Nine-month-old babies are already able to discriminate between positive and negative emotions (Otte et al., 2015). In the study, 84 babies received emotional vocalizations (fearful or happy) preceded by the same facial expression or a different expression (i.e., fearful vocalization with a happy expression). The data processing of emotional information (event-related potential, or ERPs) revealed that the potentials were distinct for positive and negative emotions, and that the babies dedicated more process capacity to potentially threatening stimuli than to non-threatening ones. Between 18 and 24 months, children are already able to acquire the necessary terms to label basic emotions, both positive and negative (Widen & Russell, 2003, 2010).

According to Pons et al. (2004), children develop emotional understanding from three levels (external, mental, and reflective) and use at least nine components for this. The first level (already found in children of 5 years) is characterized by the understanding of public aspects of emotions, such as situational causality, external expression, and cues that reactivate an emotion. The second level (developed at age 7) is characterized by an understanding of the mental states of emotions, their connection with desires and beliefs, between expressed and felt emotion. The third level (between the ages of 9 and 11) is characterized by the understanding that we can feel different feelings and that they can be contradictory and even morally charged.

Regarding the components, approximately between 3 and 4 years old, children begin to recognize, and name emotions based on expressive clues (recognition component). Thus, most children in this age group can recognize basic emotions (happiness, sadness, fear, and anger) when presented in images. Also at this age, they begin to understand how external causes affect other children’s emotions (external causality component). For example, they can anticipate the sadness someone feels when losing a favorite toy. Already around the age of 3 to 5, they begin to understand that the emotional reactions of people depend on their desires (component of desire). They are able to understand that two people can feel a different emotion about the same situation, because they have different desires.

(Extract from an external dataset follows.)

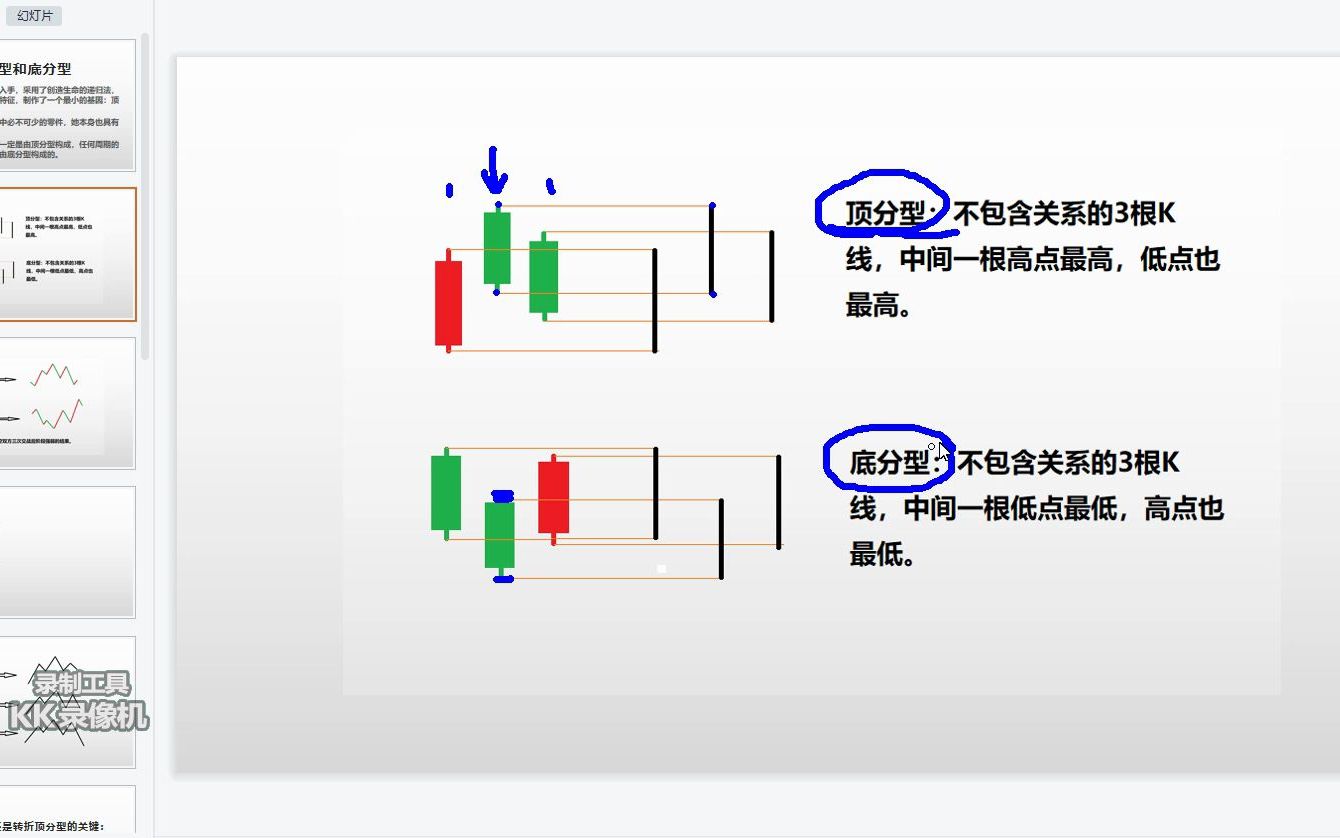 缠论基础课第2课 顶分型底分型包含处理 手把手教你炒股票 实现财务自由哔哩哔哩bilibili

Still, according to Pons et al. (2004), children between 4 and 6 years old begin to understand that a person’s beliefs—being false or true—will determine their emotional reaction to a situation (component of beliefs). Also, around this age, between 3 and 6 years, children start to understand the relationship between memory and emotion (memory component). For example, children can recognize that the intensity of an emotion decreases with time and that some aspects of the current situation can reactivate past emotions. Still, in this age group, 4 and 6 years old, children already understand that the emotion expressed can be different from the emotion felt (component of the cover-up). In sequence, between the ages of 6 and 7, they are able to use different strategies to regulate emotions (component of regulation), the younger ones use behavioral strategies, and those over 8 use psychological strategies such as denial and distraction. It is also from the age of 8 that they begin to understand that a person can have various and contradictory emotions (mixed component) to a given situation. Finally, 8-year-old children are able to understand negative feelings resulting from a reprehensible moral action (morality component) (like lying, stealing, and hiding), as well as being morally dignified (like a sacrifice, or resisting a temptation, or even confessing a mistake).

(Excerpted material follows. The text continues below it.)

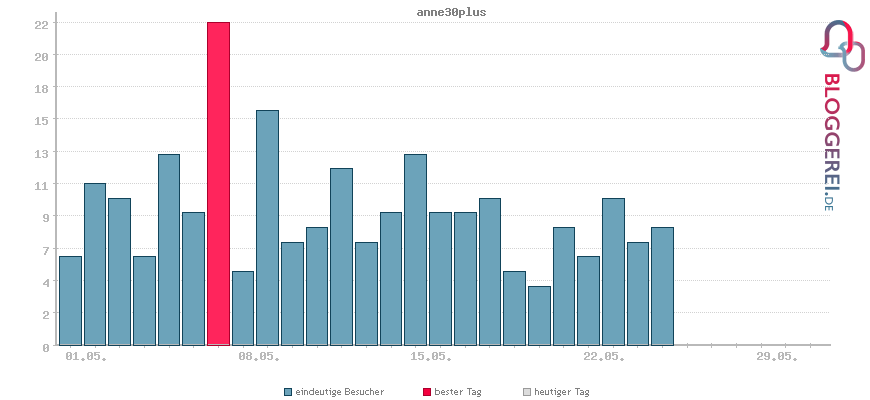 Besucherstatistiken von anne30plus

Emotional recognition improves with adolescence. Functional brain imaging studies during facial emotion recognition tasks have demonstrated an increase in activation and connectivity of frontal and temporal regions from childhood to adolescence (Cohen Kadosh et al., 2011, 2013). This increase in emotional recognition tends to continue into adulthood. The study by Tousignant et al. (2017), showed that adolescents perform worse than young adults in this area of social cognition.

Social and Affective Dysfunctions

To allow a better understanding of how social cognition impacts psychosocial functioning in children and adolescents, we will focus on the findings of research that has investigated this domain of cognition in some psychopathological conditions with the presence of social and affective dysfunctions, such as schizophrenia, ASD, ADHD, and impulse control disorders.

In the last two decades, the domains of social cognition have been intensively studied in individuals with neurological conditions, with genetic syndromes, and in population groups at risk for developing the first episode of psychosis, such as children of parents with schizophrenia. There is also broad evidence of these neurological conditions such as epilepsy (Besag & Vasey, 2019). Social cognitive deficits are part of the cognitive phenotype of genetic diseases, including deletion syndromes, such as SD22q11.2, and those related to X-Chromosome numerical alterations, such as Turner and Klinefelter (Morel et al., 2018). In a review study, Agnew-Blais and Seidman (2013) found that young people belonging to families at high biological risk for developing schizophrenia, especially siblings and children of individuals with schizophrenia, show deficits in aspects of social cognition, such as ToM and emotion recognition. However, it is not yet known whether deficits in the domain of social cognition follow a pattern of delays over time or are static. A population-based, prospective cohort study evaluated 7-year-old children at high familial risk of developing schizophrenia or bipolar disorder (Christiani et al., 2019). The authors found significant impairments in social responsiveness in children at risk for schizophrenia compared to controls, but not for children at risk for bipolar disorder compared to controls (Christiani et al., 2019). In several population-based cohort studies, children and adolescents who later developed schizophrenia showed premorbid social impairments (Tarbox & Pogue-Geile, 2008; Agnew-Blais & Seidman, 2013). These findings reinforce the view of schizophrenia as a neurodevelopmental disorder and the importance of identifying in clinical practice differences in the domain of social cognition in children and adolescents belonging to groups at risk for developing schizophrenia.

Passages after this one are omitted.